Laut Wirtschaftsminister Ralf Christoffers (LINKE) spendet das Land Brandenburg für das Filmfestival 220 000 Euro. Großkonzerne wie Vattenfall, BASF und Siemens gewähren Unterstützung, in welcher Höhe, verriet die Festivalleitung allerdings nicht.

»Natürlich könnten wir auch das Doppelte gebrauchen«, sagte Geschäftsführer Ackermann. Insgesamt stehen mehrere Preise zur Verfügung, der Hauptpreis für den besten Spielfilm ist mit 20 000 Euro dotiert. Begehrt sei auch die gläserne Preisskulptur »Lubina«. Innerhalb des Programms widmet sich der Kurzfilmwettbewerb der Förderung junger Filmemacher. Im deutsch-polnischen Filmwettbewerb U 18 kürt eine Jury aus deutschen und polnischen Schülern ihren Favoriten. Als »roter Faden« ist diesmal unter dem Leitmotiv »Osteuropa der Kulturen« die filmische Umsetzung der Thematik »Sinti und Roma« vorgesehen, wie auch das Heimatthema der Sorben beziehungsweise Wenden in Deutschland.

Doch gebe es niemals eine thematische Begrenzung, ein Film beispielsweise begleitet einen slowakischen Kommunalpolitiker im Wahlkampf, ein anderer biete die Verfilmung eines serbischen Märchens. Das Festival wolle den Blick freigeben auf das ungemein interessante Filmschaffen in ehemals sozialistischen Ländern. Geprägt sei das davon, dass es »außerordentlich tabulos« daherkomme, sagte Buder.

Minister Christoffers wies auf das Cottbuser Jugendstilkino »Weltspiegel« hin, das mit 102 Jahren vermutlich älteste Kino Deutschlands, das sich inzwischen rekonstruiert und mit modernster Technik ausgestattet zeigt. Auch das gehöre zum würdigen Rahmen des jährlichen Filmfestivals.
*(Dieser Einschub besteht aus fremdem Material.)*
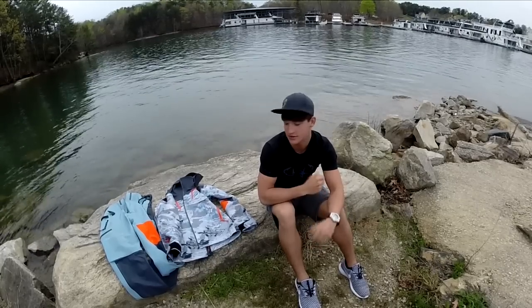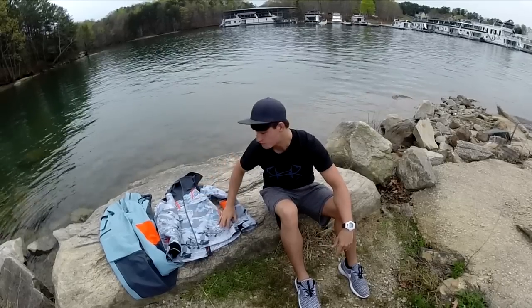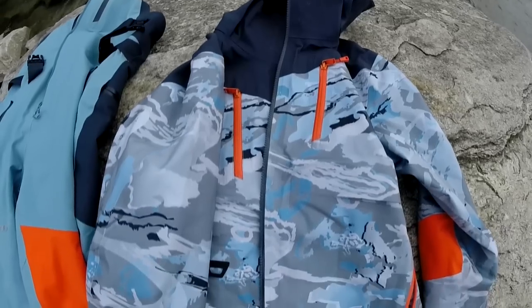I really like the color scheme — I got the tiger camo. They have some other color schemes, like this lightest grayish blue, but I like the tiger camo. It's a little different, and that's what I like about this suit — it's different than other suits.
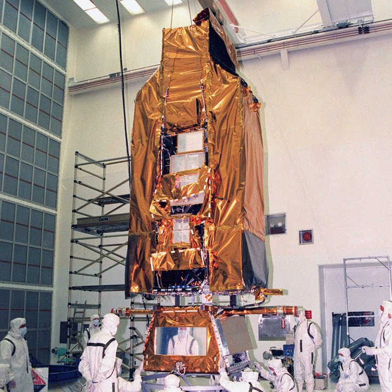On 12 July 2007, FUSE's final reaction wheel, which is required for accurately pointing a spacecraft, failed and efforts to restart it were unsuccessful. An announcement was made on 6 September that because the fine control needed to perform its mission had been lost, the FUSE mission would be terminated.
Das Filmfest werde auch weiter dazu dienen, den osteuropäischen Film bekannt zu machen und ihm eine Plattform zu bieten.

Gegründet worden ist das Festival 1991, und es gilt inzwischen als führendes Forum des zeitgenössischen Filmschaffens in Osteuropa. Zu 80 Prozent sitzen im Publikum Cottbuser. Einen regelrechten Tourismus habe man mit dem Festival noch nicht erzeugen können, gaben die Veranstalter zu. Doch gebe es durchaus Gäste, die sich für dieses Festival eine Woche Urlaub nehmen und extra anreisen. Vertreten seien alle Altersklassen, vom Kind bis zum Rentner, und sie gehören auch allen sozialen Schichten an, die es in Cottbus gibt. Man hoffe diesmal, die 20 000er Grenze bei den Besuchern »zu knacken«.

Sehen Ostdeutsche und Westdeutsche die gezeigten Filme anders? Geschäftsführer Ackermann besteht darauf: »Wir Ossis kennen die Erzählweise des rumänischen, ungarischen, polnischen oder tschechischen Films. Das funktioniert bei uns. Bei den Wessis ist das nicht immer gleich so.« Zwischen dem ostdeutschen und dem westdeutschen »Bildungsbürgertum« nahm er da deutliche Unterschiede wahr.

Etwas pikiert reagierte darauf Kirsten Niehuus, Geschäftsführerin des Medienboards Berlin-Brandenburg. In digitalisierter Form werde am 12. November im Westberliner »Eva«-Kino der Konrad-Wolf-Film »Solo Sunny« gezeigt, sagte sie. Und sie sei sicher, das werde auch in Westberlin »super funktionieren«.